Le Rabbi de Loubavitch enseigne qu'il existe un cinquième enfant, à l'image du 5e verre que nous ne buvons pas. Il s'agit de celui qui n'est même pas à table. Le Rabbi nous apprend par là à quel point il est indispensable de savoir ne  jamais exclure un enfant, quel qu'il soit, quelles que soient ses tendances et sa nature.

Ce qui est remarquable, c'est de voir à quel point la Haggada nous oblige à tenter de comprendre la nature de chaque enfant. 

- Le sage, celui qui est l'exemple, celui qui marche droit dans la voie des parents et de la Torah, c'est l'enfant que tout le monde aimerait avoir. Il est éveillé, assoiffé d'apprendre, attentionné et attentif. 

- L'impie, c'est un enfant très intelligent, qui connaît parfaitement toutes les règles, toutes les lois, mais il les refuse. C'est le rebelle, peut-être l'insensible, en tout cas le provocateur. 

- Le simplet, quels pourraient être ses problèmes ? Peut-être une trop grande naïveté, peut-être un manque d'intérêt, peut-être aussi un handicap qui l'accompagne depuis toujours.!
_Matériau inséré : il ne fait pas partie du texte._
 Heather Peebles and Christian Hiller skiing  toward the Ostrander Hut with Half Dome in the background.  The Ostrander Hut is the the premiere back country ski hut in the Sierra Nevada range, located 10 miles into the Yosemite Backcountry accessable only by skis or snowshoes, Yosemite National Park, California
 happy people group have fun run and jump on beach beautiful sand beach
- Quant à celui qui ne sait pas poser de questions, est-il associable ? Est-il malheureux? Ou bien, est-il atteint d'un mal que nul ne peut voir ou comprendre et qui constitue pour lui un véritable handicap !?

Quoi qu'il en soit, la Haggada veut nous mettre en relief le fait que, quelle que soit la nature de l'enfant, sa place est la même. Les couverts sont exactement les mêmes : celui du sage, le couvert de l'impie, du simplet ou de celui qui ne sait pas poser de question. La place autour de la table appartient à chaque enfant de façon égale, quelle que soit sa nature ou son comportement.
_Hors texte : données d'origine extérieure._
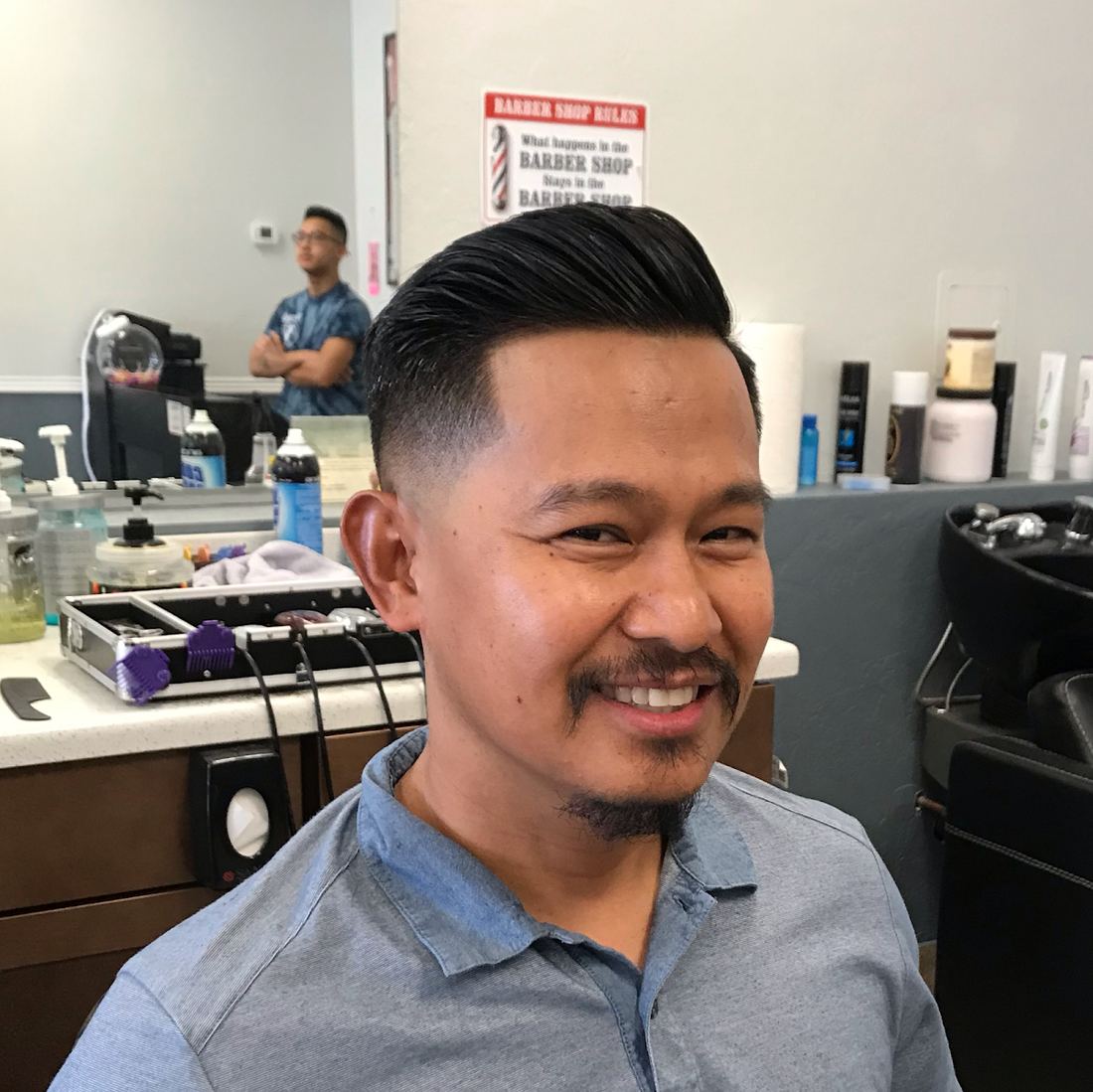 Smiling client with a fresh taper and combed top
Cela nous donne une grande leçon d'éducation et de pédagogie.

On ne peut pas toujours maîtriser les pensées et la direction que prendra un enfant. On ne peut pas maîtriser le capital avec lequel il vient au monde, ni ce qu'il en fera plus tard. Par contre, en tant que parents, on se doit de donner de l'amour, de la tendresse, de l'affection et une place égale à chacun de nos enfants.
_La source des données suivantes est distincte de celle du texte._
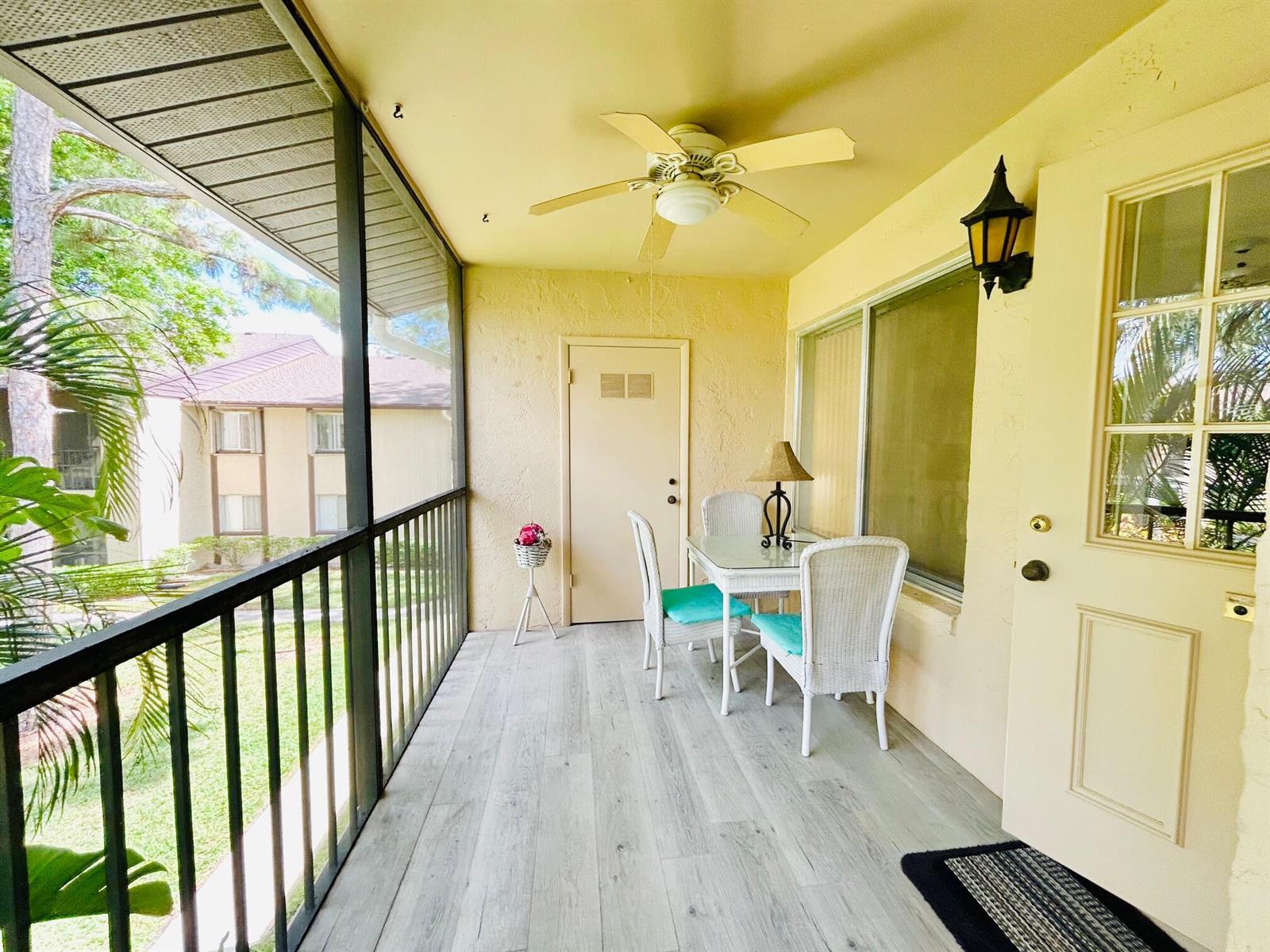 A screened-in porch features light wood-look flooring, a ceiling fan, and a small dining set — 408 Pine Glen Lane # 2, FL 33463, FL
Nous aimons de tout notre cœur tous nos enfants et, chaque enfant, quel qu'il soit, a droit à sa place, au même titre que chacun des autres, à l'image de la table du Seder.

C’est la pureté du cœur, l’amour et la sensibilité qui constituent les outils indispensables pour atteindre et réaliser avec succès le plus grand défi de la vie : la réussite des enfants.